It all began in a bright storage room of the Upper-Rhenish poet’s museum in Karlsruhe in the mid-nineties: With old-skool equipment and an overdose of FMP & Wu-Tang, the first sketches of what would later be released under the nom-de-guerre "Kammerflimmer Kollektief" were conceived; the result appeared in 1999 under the titled Mäander on the Weilheim-based payola-label. A simulation of jazz with pop appeal (melodies!). "Instrumental drones & central European freakouts on violins and reeds. A kind of European down home NoWave" was what Matt ffytche in The Wire called it.
At first, a live realisation seemed unthinkable. As it happened, the people necessary for such an undertaking gravitated towards the Kollektief in a very short time and without having been summoned. They were Johannes Frisch on the double bass; Dietrich Foth on a variety of saxophones; Heike Wendelin on the violin; Michael Ströder on drums and Anne Vortisch at the synthesizer. The tracks of the first album were the point of departure for our joint excursion; the result was a concert tour and a huge and wild chaos, which in turn was documented at the Uphon Studio in Weilheim and released as a CD (Incommunicado, 2000, again on payola). It included "Venti Latir", a version of a song by Robert Wyatt, one of our great heroes and: one of the greatest soul singers ever. "Music is a chance for self development. It‘s another life, in which it‘s easier to develop the art of giving" - which is how John Stevens put it in the liner notes for Karyobin, the epoch-making first LP of the Spontaneous Music Ensemble from 1968. Felix Klopotek in German music magazine Spex, said it thus: "Listening to this music, it seems that free jazz as being played by, say, Pharaoh Sanders and Cecil McBee in 1969 has been put into a context where it meets and mingles with pop and electronics with consistency and effortlessness."

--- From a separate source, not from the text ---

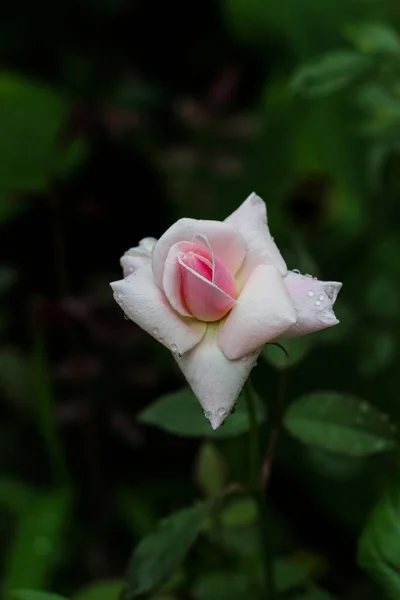 Rosa Rosa Flor Con Gotas Lluvia Fondo Las Hojas Rosa — Foto de Stock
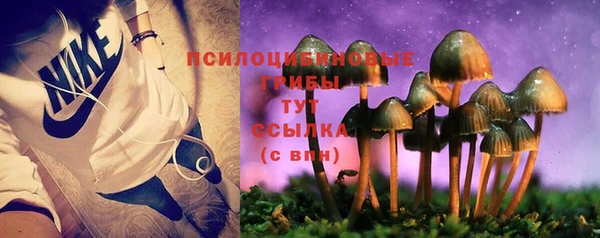 молекула духа Горняк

The third album, Hysteria, was released in Japan and the USA in 2001 and subsequently on Quecksilber in 2004. It was a hybrid of its two predecessors; a synthesis of solo work in the studio and a collective flush. Martin Büsser wrote about it in testcard: "As of now, I am not aware of any better interaction of jazz and electronic music as this brief but most sophisticated album of the Kammerflimmer Kollektief. In this crossover between the great Free Jazz-tradition (Alan Silva, early Charlie Haden), Kraut- and free form-rock (Third Ear Band, Neu!) and the blurring of sounds of This Heat, it is not only the points of reference which are correct, but something that is much more important and even rarer: their new and inspiring combination."

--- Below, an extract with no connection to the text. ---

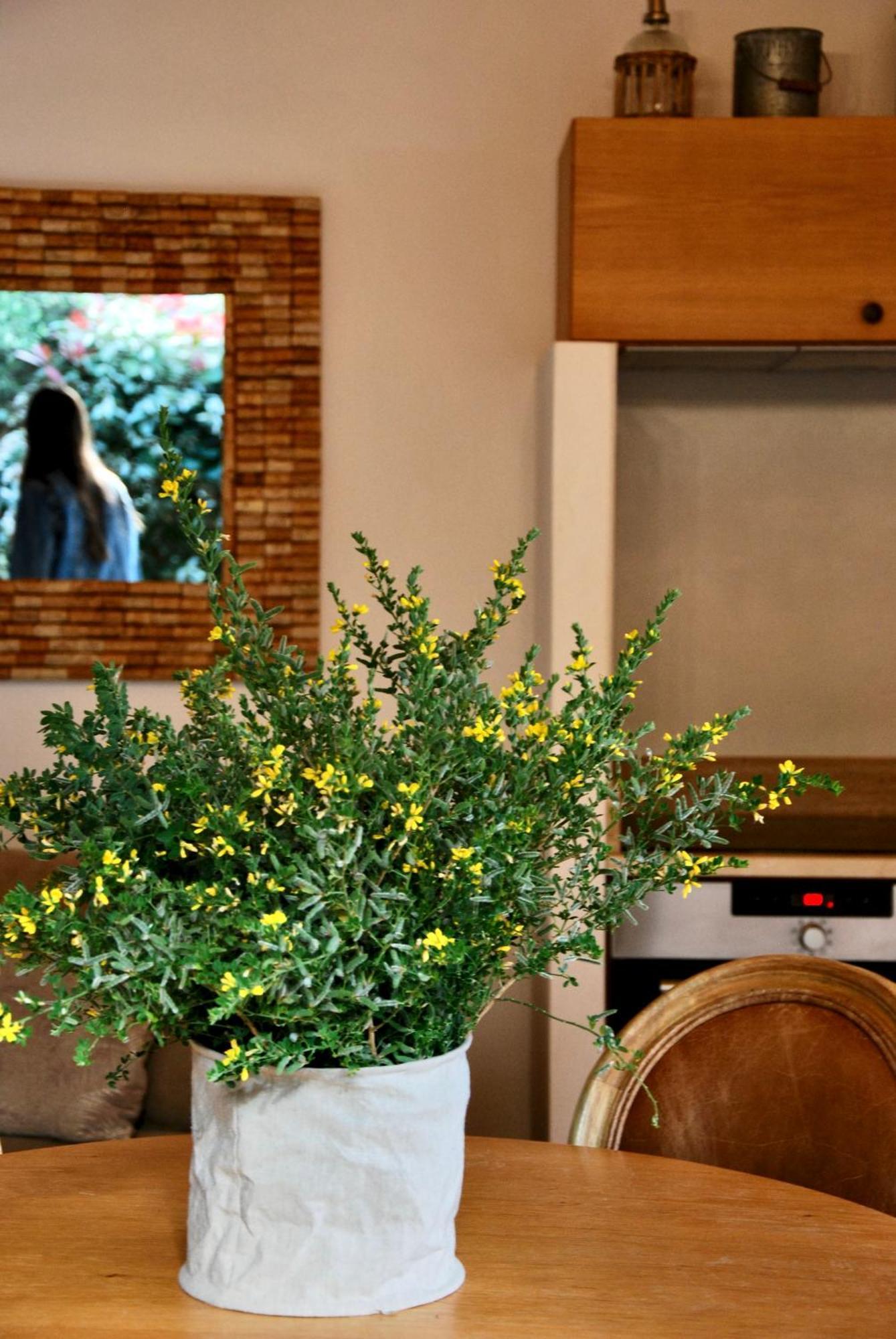 Villa Madra ボニファシオ エクステリア 写真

In 2002, changes were taking place within Kollektief: Michael Ströder & Anne Vortisch left; the remaining core was augmented by Heike Aumüller - who hitherto had been in charge of the artwork - on harmonium (as well as playing an active role in soundprocessing and songwriting) and Christopher Brunner on drums & vibraphone.
Cicadidae, the fourth album, was released in 2003 on the committed Staubgold label – as have all other releases since. The borders between analogue and digital, acoustic and electronic elements became more and more blurred. Somebody called it "Karlsruhe Psychedelic". Ulrich Kriest in Intro magazine had this to say: "After presenting us with sketches, the Kammerflimmer Kollektief now grants us the view of the whole picture. It is a collage. It is very probable that we will not get to hear a more profound album this year. The music of the future realised today. And from Karlsruhe. Who would have thought of it?" And Dietmar Dath composed the most beautiful liner notes: "Here everything is heaven, but different from the origin. Up above are birds that hang on different kinds of jet streams with their heads down, not to be interchanged. The sun is shining, but it's not really the sun: it's the moon. When did night fall, anyway?"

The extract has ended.